Irrespective of issues in the distinction of unifocal vs multifocal prostate cancers in patients with large tumor masses, our data raise two important points. First, it is evident that heterogeneity of the ERG status is rather a rule than an exception on a patient level at least in these patients having large and significant cancer masses. This limits the potential of a differential therapy based on the ERG status and challenges the possible concept to determine the ERG status on one single cancer biopsy. Second, our data show that intrafocal ERG heterogeneity is far from being an exception. This is also underscored by our finding of intrafocal heterogeneity in 4 of the 1384 cancer-containing tissue microarray spots having a diameter of 0.6 mm each (Figure 3). Experimental proof of intrafocal heterogeneity in 0.29% of such small tissue spots representing on average 0.00003% of the individual tumor masses argues for a significant fraction of cases with intrafocal heterogeneity. Moreover, the successful large section validation in 14 cases with suspected intrafocal heterogeneity demonstrated strong evidence for intrafocal heterogeneity with adjacent strongly ERG-positive and clearly ERG-negative areas without a significant difference in morphology between these areas (Figure 5).

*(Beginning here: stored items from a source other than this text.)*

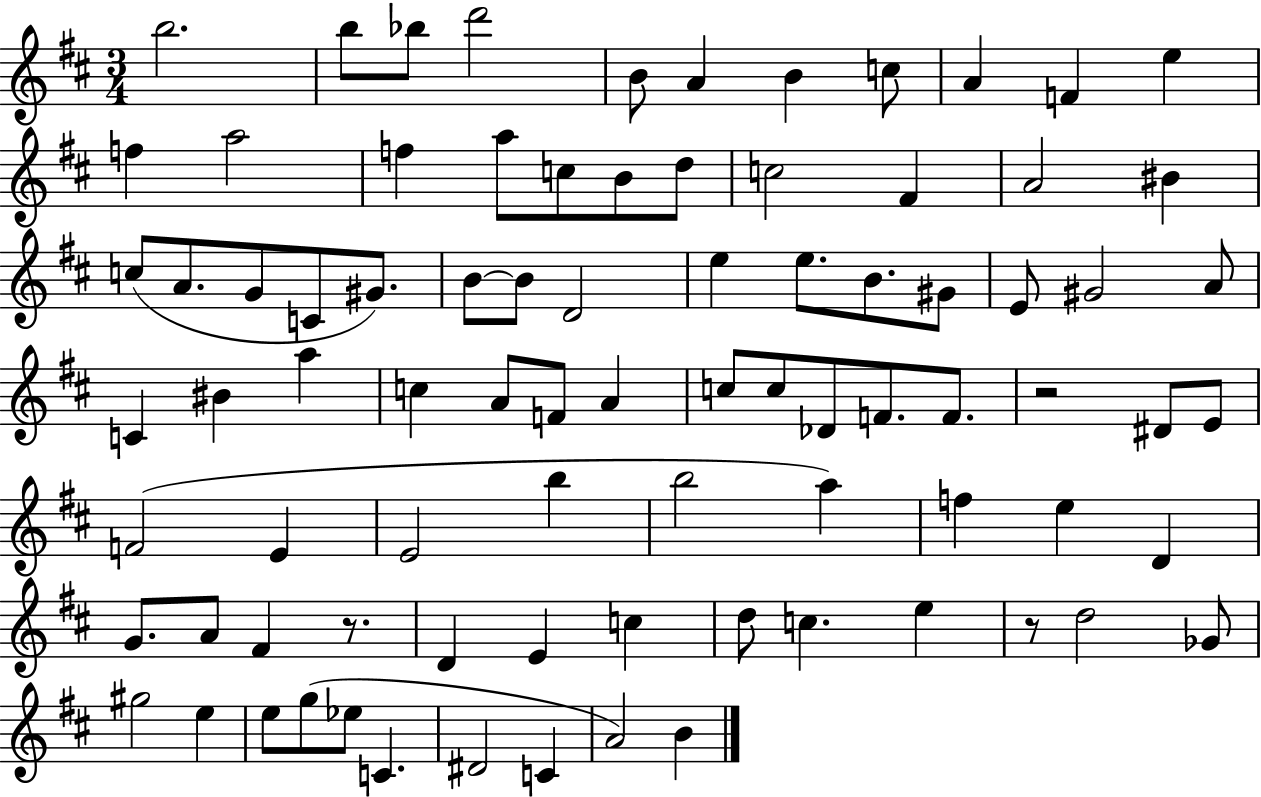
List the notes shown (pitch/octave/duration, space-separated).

B5/h. B5/e Bb5/e D6/h B4/e A4/q B4/q C5/e A4/q F4/q E5/q F5/q A5/h F5/q A5/e C5/e B4/e D5/e C5/h F#4/q A4/h BIS4/q C5/e A4/e. G4/e C4/e G#4/e. B4/e B4/e D4/h E5/q E5/e. B4/e. G#4/e E4/e G#4/h A4/e C4/q BIS4/q A5/q C5/q A4/e F4/e A4/q C5/e C5/e Db4/e F4/e. F4/e. R/h D#4/e E4/e F4/h E4/q E4/h B5/q B5/h A5/q F5/q E5/q D4/q G4/e. A4/e F#4/q R/e. D4/q E4/q C5/q D5/e C5/q. E5/q R/e D5/h Gb4/e G#5/h E5/q E5/e G5/e Eb5/e C4/q. D#4/h C4/q A4/h B4/q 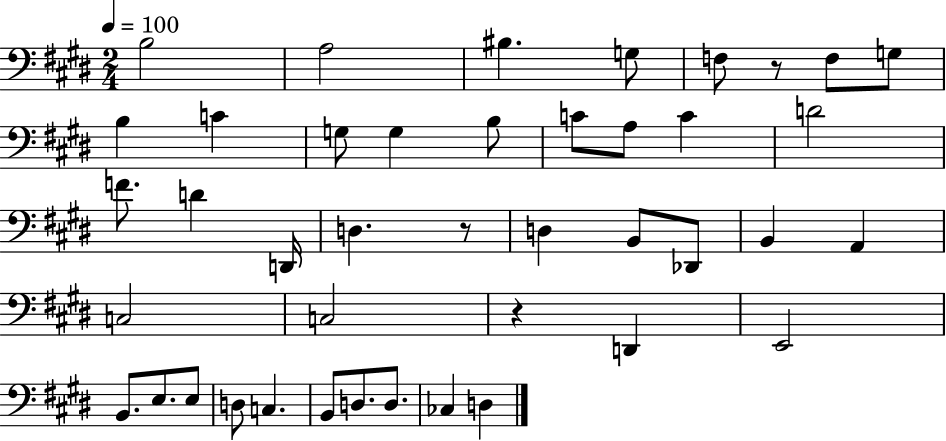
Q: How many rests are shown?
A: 3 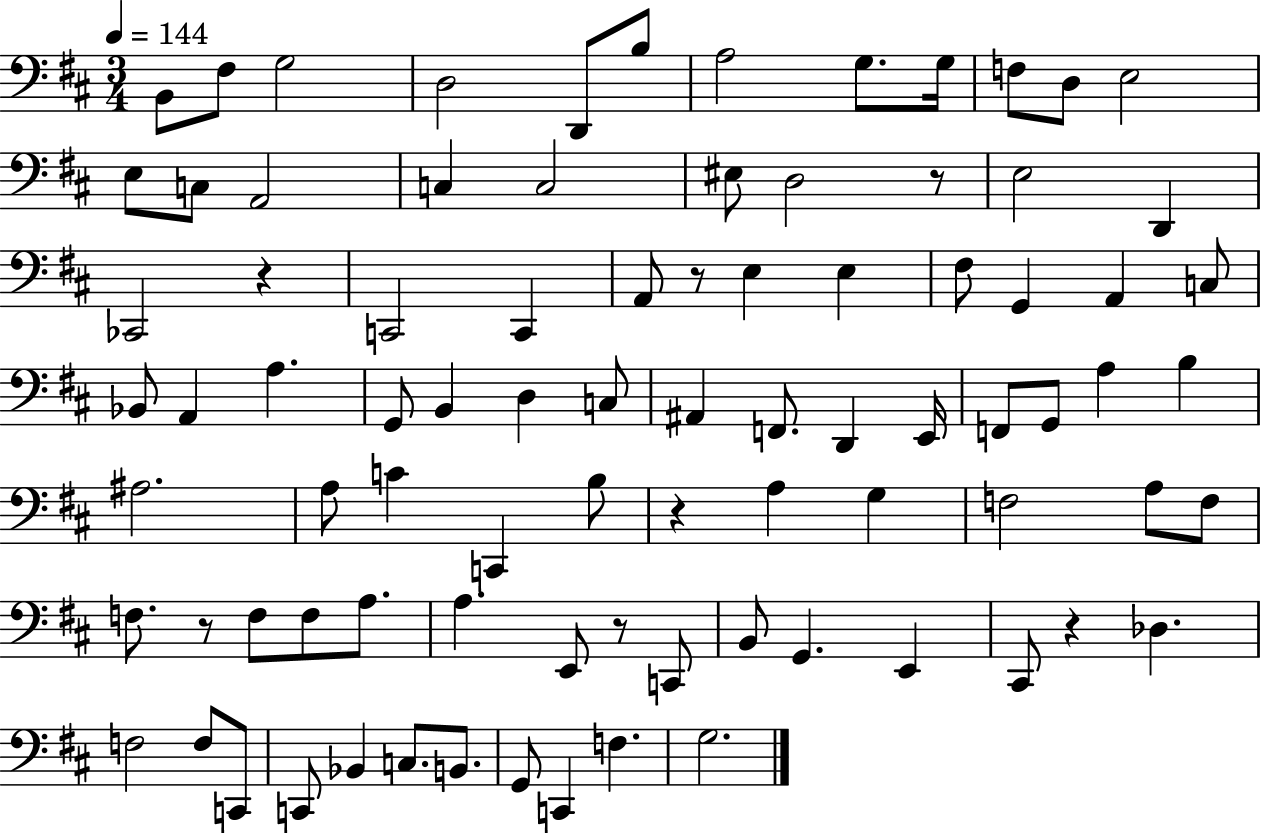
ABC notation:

X:1
T:Untitled
M:3/4
L:1/4
K:D
B,,/2 ^F,/2 G,2 D,2 D,,/2 B,/2 A,2 G,/2 G,/4 F,/2 D,/2 E,2 E,/2 C,/2 A,,2 C, C,2 ^E,/2 D,2 z/2 E,2 D,, _C,,2 z C,,2 C,, A,,/2 z/2 E, E, ^F,/2 G,, A,, C,/2 _B,,/2 A,, A, G,,/2 B,, D, C,/2 ^A,, F,,/2 D,, E,,/4 F,,/2 G,,/2 A, B, ^A,2 A,/2 C C,, B,/2 z A, G, F,2 A,/2 F,/2 F,/2 z/2 F,/2 F,/2 A,/2 A, E,,/2 z/2 C,,/2 B,,/2 G,, E,, ^C,,/2 z _D, F,2 F,/2 C,,/2 C,,/2 _B,, C,/2 B,,/2 G,,/2 C,, F, G,2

A significant frequency of intrafocal ERG status heterogeneity challenges the concept of TMPRSS2-ERG fusion always representing an early step in prostate cancer development,25 as this would mean the alteration could be seen in the entire tumor focus. It is obvious that this alteration can also occur later during prostate cancer progression. This is also emphasized by a significant number of cases identified in this project with ERG heterogeneity involving PIN and PIN next to invasive prostate cancer (Figure 6). Heterogenous finding with ERG-positive cancer adjacent to ERG-negative PIN also supports the fact that ERG-positive and ERG-negative neoplastic subclones of individual tumor foci exist. A total of 18% of our PINs detected on our heterogeneity tissue microarray differed molecularly from the invasive cancer. In contrast to this heterogenous finding, Furusato et al10 found in 97% (82/85) ERG-positive tumor foci ERG-positive PIN lesions, and in all cases with ERG-positive PIN lesions an ERG-positive tumor.

In summary, the results of this study show that ERG overexpression is often heterogeneous in prostate cancer. This observation may compromise the previously suggested utility of ERG measurement as a predictive biomarker for response to anti-hormonal therapy. It also challenges the concept of determining the ERG status by analyzing just one tissue biopsy per patient.